▸ To do:
Pictures stay out. Extract the lines below from the first one through the line with "Hey everyone, welcome", both included.

▸ Recorded information:
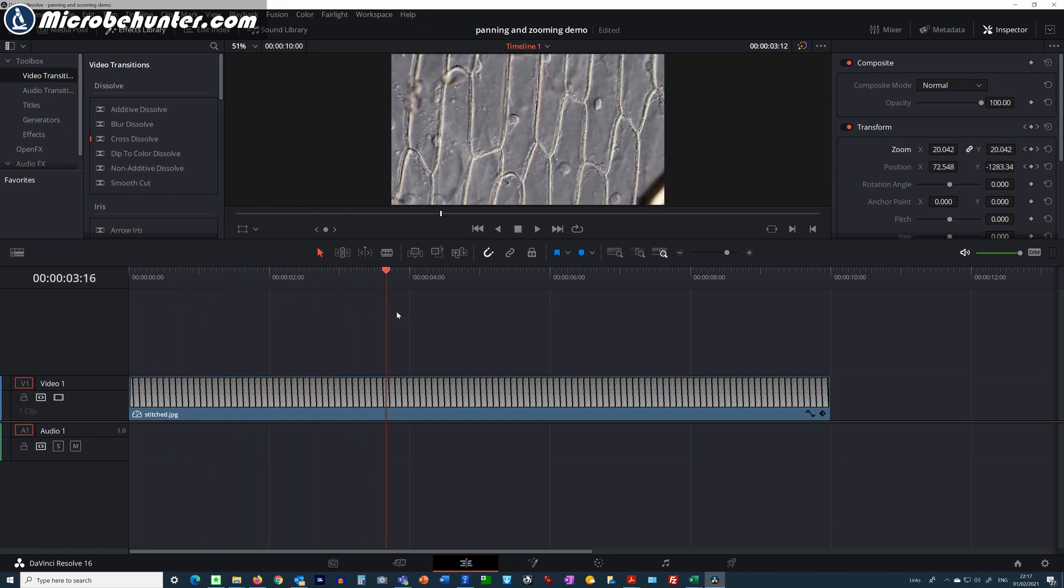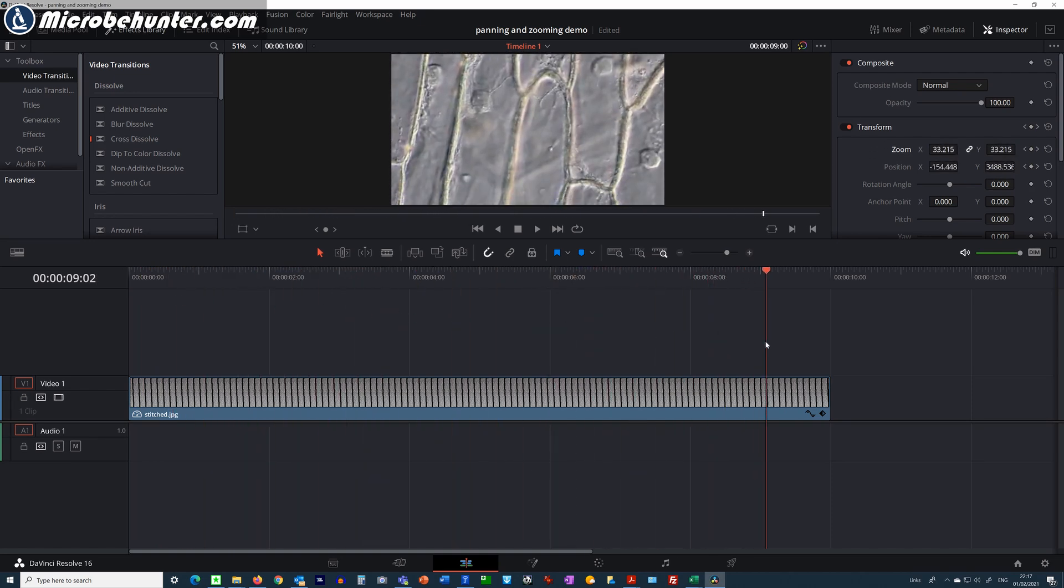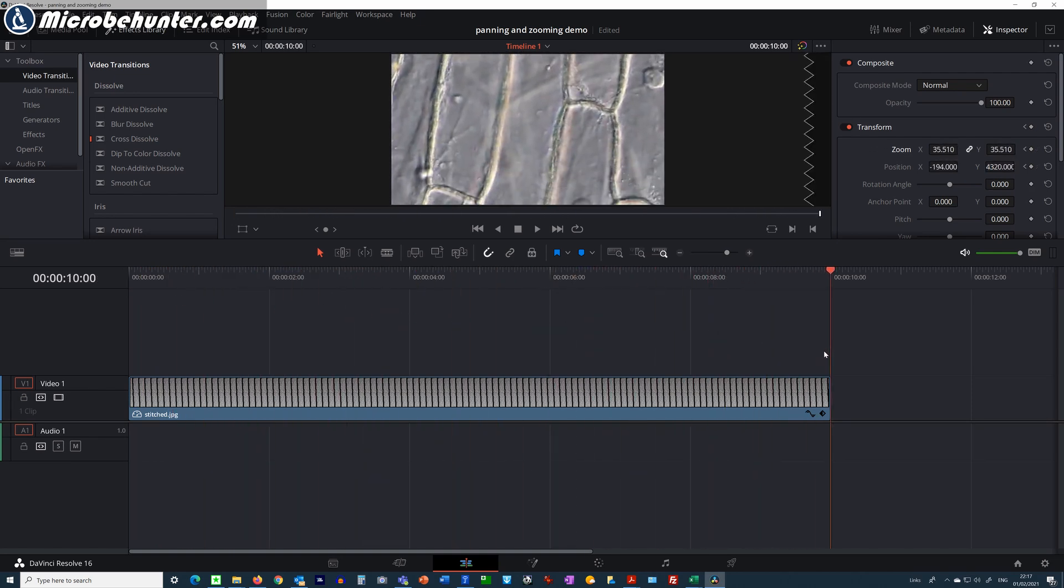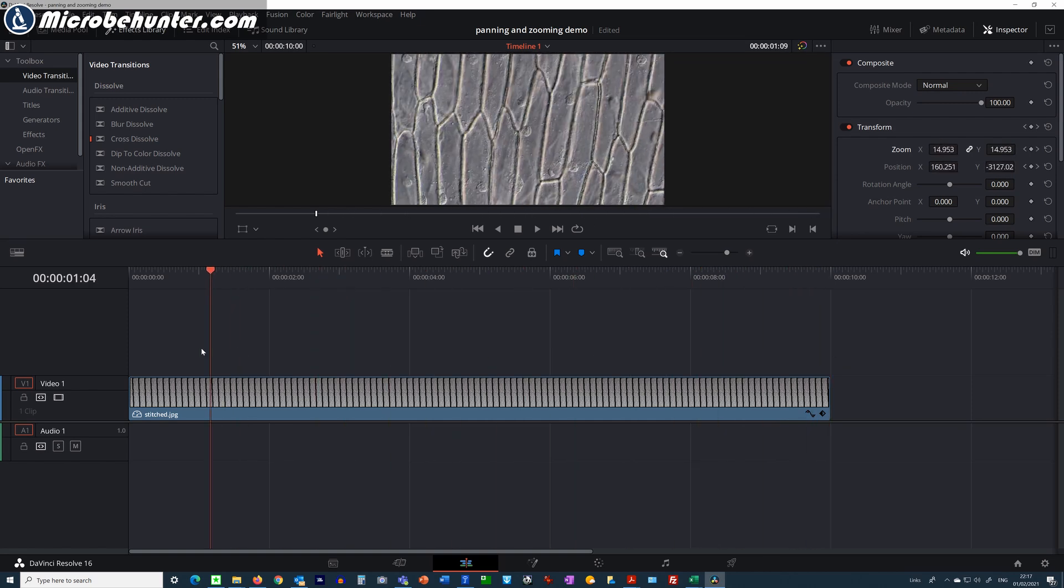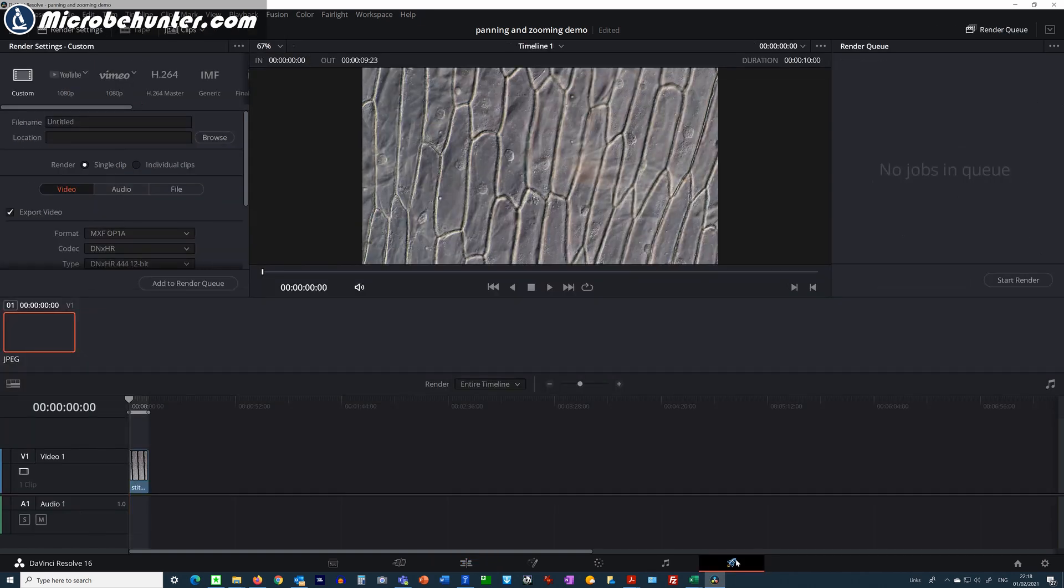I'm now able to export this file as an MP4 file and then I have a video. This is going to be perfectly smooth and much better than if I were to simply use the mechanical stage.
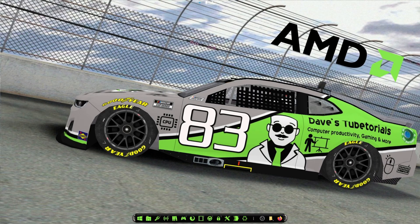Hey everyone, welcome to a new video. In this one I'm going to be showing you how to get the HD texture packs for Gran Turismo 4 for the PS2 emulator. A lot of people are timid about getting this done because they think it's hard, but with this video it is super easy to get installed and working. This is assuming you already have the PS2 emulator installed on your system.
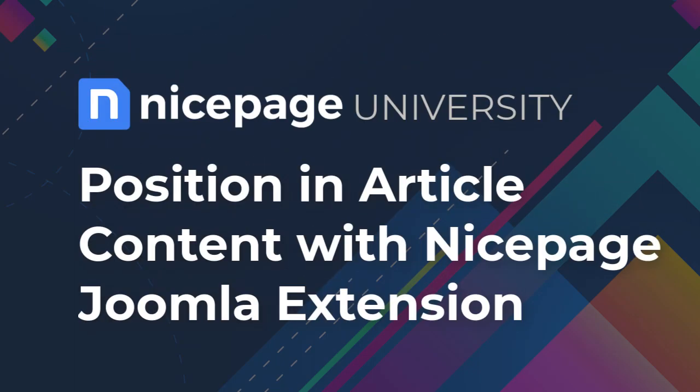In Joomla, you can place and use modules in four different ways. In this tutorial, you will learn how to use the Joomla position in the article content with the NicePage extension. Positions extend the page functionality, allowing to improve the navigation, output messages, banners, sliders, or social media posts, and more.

▸ Exercise answer:
I'm now able to export this file as an MP4 file and then I have a video. This is going to be perfectly smooth and much better than if I were to simply use the mechanical stage.
Hey everyone, welcome to a new video. In this one I'm going to be showing you how to get the HD texture packs for Gran Turismo 4 for the PS2 emulator. A lot of people are timid about getting this done because they think it's hard, but with this video it is super easy to get installed and working. This is assuming you already have the PS2 emulator installed on your system.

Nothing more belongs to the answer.